Very good words you have said here - they help to remind us of what we should stand for - and against.
To this day I get extremely mad when I wonder how our country would have turned out if Bobby Kennedy had not walked through that L.A. kitchen many years ago.
And to those dems who are thinking of deserting our party, I ask you to do only one thing before you actually vote: consider what has happened to our country's well-being over the past 5 years under the current administration.

Claire

Thanks, Lance, that's a wonderful post.

I vote for my Grandmother.

KathyF

Now this is a post I can get behind.

I don't have a Bobby Kennedy story; his name was never mentioned in my house. George Wallace was my father's god. But he hated Nixon more than he loved Wallace, and for that reason I'm a Democrat. (Well, lots of other reasons, once I figured out for myself what government was all about.)
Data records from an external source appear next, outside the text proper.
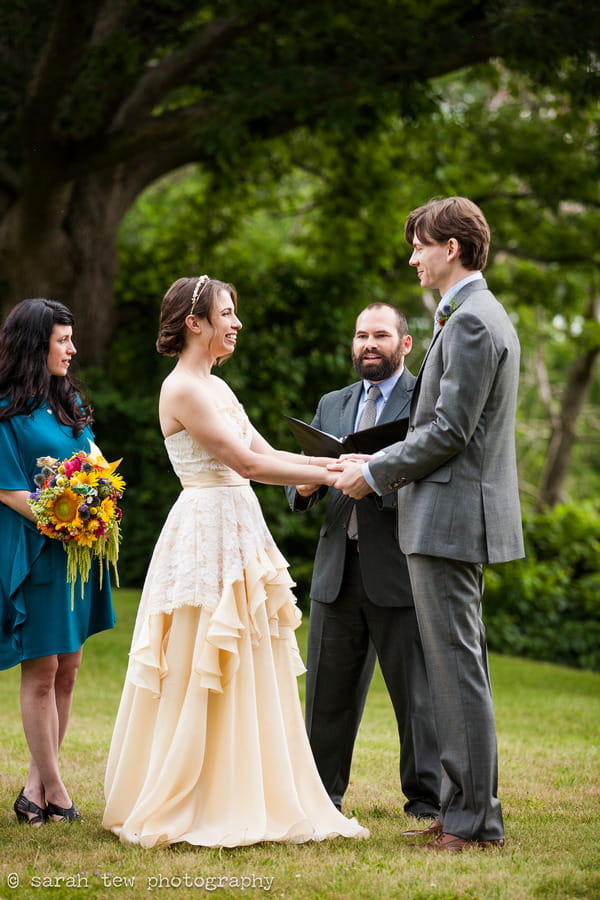 Bride and groom holding hands during wedding ceremony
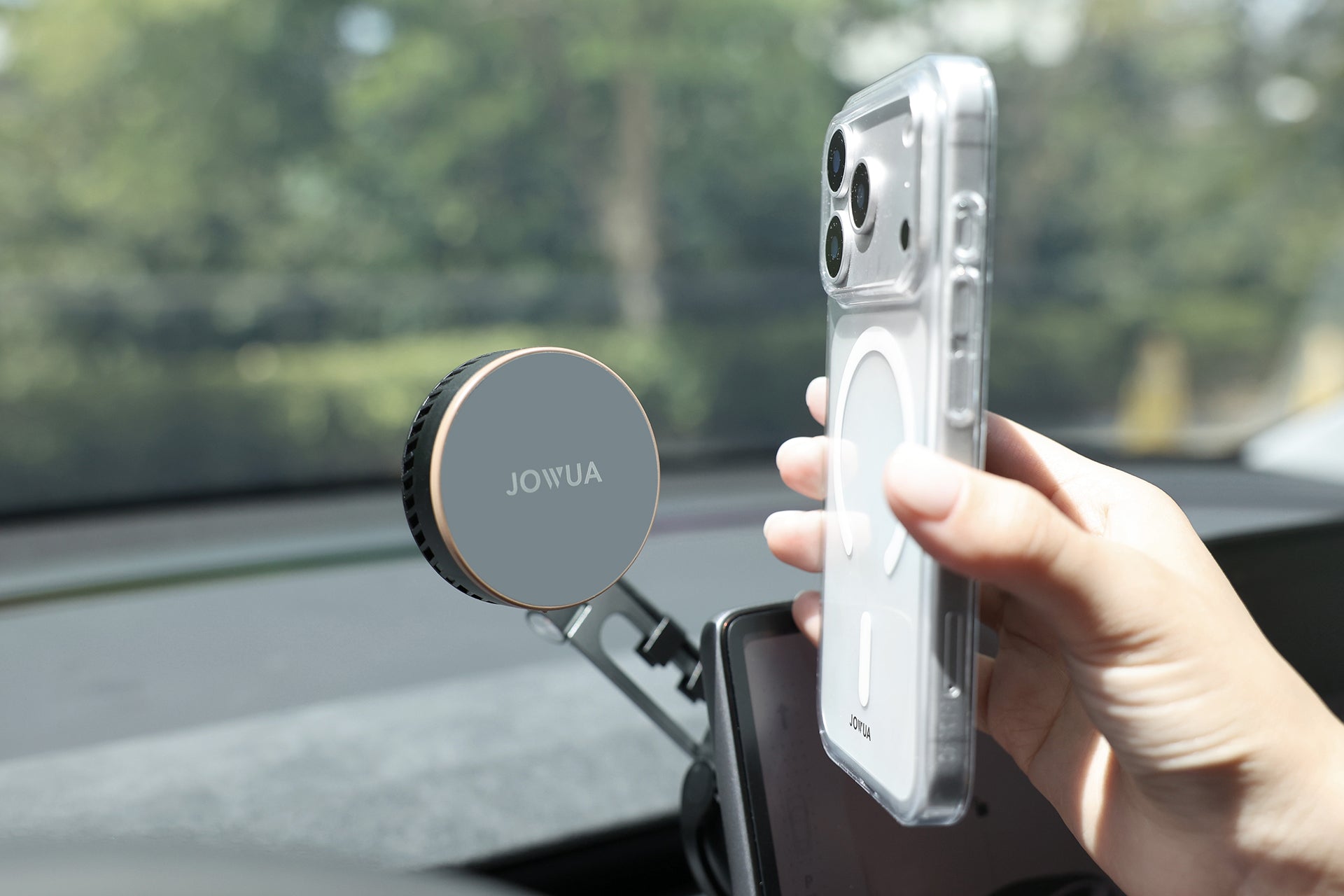 一隻手拿著智慧型手機，靠近汽車儀表板上的 JOWUA Taiwan Qi2 製冷六維隱藏車架 (MagSafe款)。窗外明亮的綠意突顯出這個冷酷的隱藏式 Tesla 手機支架，提供無縫的便利性。.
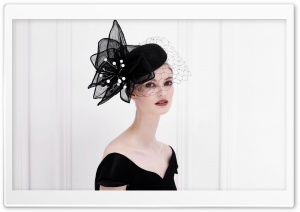 Woman Wearing a Fancy Black Hat
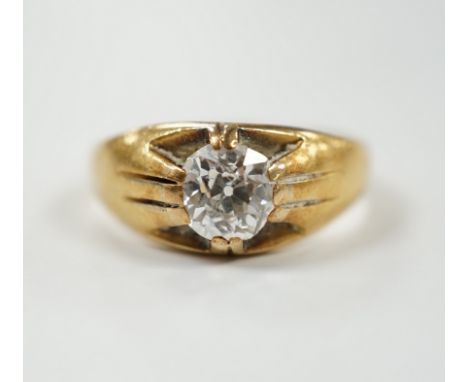 A late Victorian 18ct gold and claw set solitaire diamond ring, size P, gross weight 6.1 grams, the stone weighing approximat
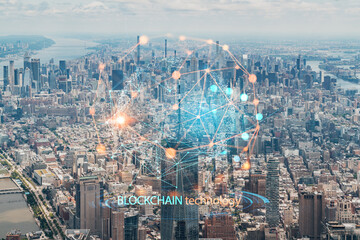Aerial panoramic helicopter city view of Upper Manhattan, Midtown and Downtown, New York, USA. Decentralized economy. Blockchain, cryptography and cryptocurrency concept, hologram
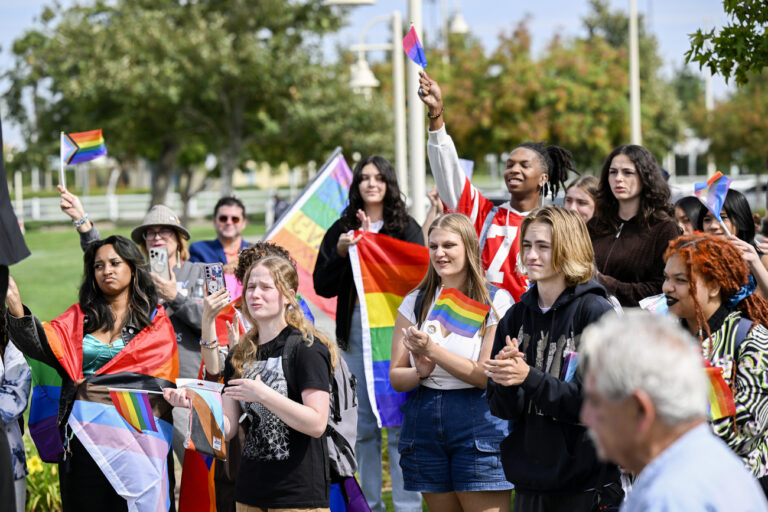 Students holding pride flags and trans flags gather at Pat Birdsall Sports Park across the street from Great Oak High School in Temecula, Calif., Friday, Sept. 22, 2023, after walking out of the school in protest of the Temecula school district policy requiring parents to be notified if their child identifies as transgender. (Anjali Sharif-Paul/The Orange County Register via AP)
I would like to add, if you don't like the candidates the Democrats send to the general election, have you voted (and volunteered, contributed, etc.) for a candidate in the primary? Unless you can answer yes, you really can't complain about the candidates who make it past the primary.

David Parsons

I'm not a Democrat. I'm a Socialist. I usually vote for Democrats (I've been known to vote Socialist for state offices, and back before the moral corruption of the Republicans was too plain to pretend away I voted for one or two Republican candidates for state office; on a federal level, I'm a pure (D) party line voter), but I do that because most Democrats try to turn to the side of the angels when they are forced to choose.

I've voted for the Democratic Party most of my adult life. I've contributed upward of $10,000 to various Democratic campaigns, and what do I have to show for it?

Well, my federal taxes have been lowered, so not so much of my tax dollars are going into the orgy of looting that the Evil Party is doing right now. This is like saying "oh, good, there's no wind, so I'll choke on the smoke before the fire gets me." It might be less painful, but the end result is the same.

I think a lot of the activists are tired of strategic voting, because it's not working. The Democrats may
contain multitudes, but they're not in a position where it's doing any good.

Who will I vote for? I'm in a _heavily_ Democratic district, which means that no matter who I vote for the most popular Democrat will win the local and state election. And on the Federal level, well, does it really help to vote for a Democratic Party that can't hang together?

Daniel Koenig

I vote for my grandfather who asked visitors to his home, "Are you a Democrat - or a no good son of a bitch?!"
And for my parents, who marched with Chavez because that's what Jesus would have done.
This one hit close to home. I'm very unhappy with the gutless approach I see now in my lifelong party. But I can't quit.
Too many are looking down from heaven...

Rasselas

Reminds me of a conversation that I had with a friend of mine last summer, before Black November, when one of us mentioned one of the many, many people complaining that John Kerry was neither the second coming of Bill Clinton nor saying exactly what the person complaining wanted him to say, in every moment of every day, and the other said:

"Yeah, the Democrats suck. They're lazy, cowardly or disorganized, or all three, and they almost never stand up when you want them to, and they toady and lickspittle to stupid famous people, and they don't spend a ton of energy alleviating the suffering of even poor children, and they never act like they have the guts to suggest that killing people is actually a bad thing that ought to be avoided..."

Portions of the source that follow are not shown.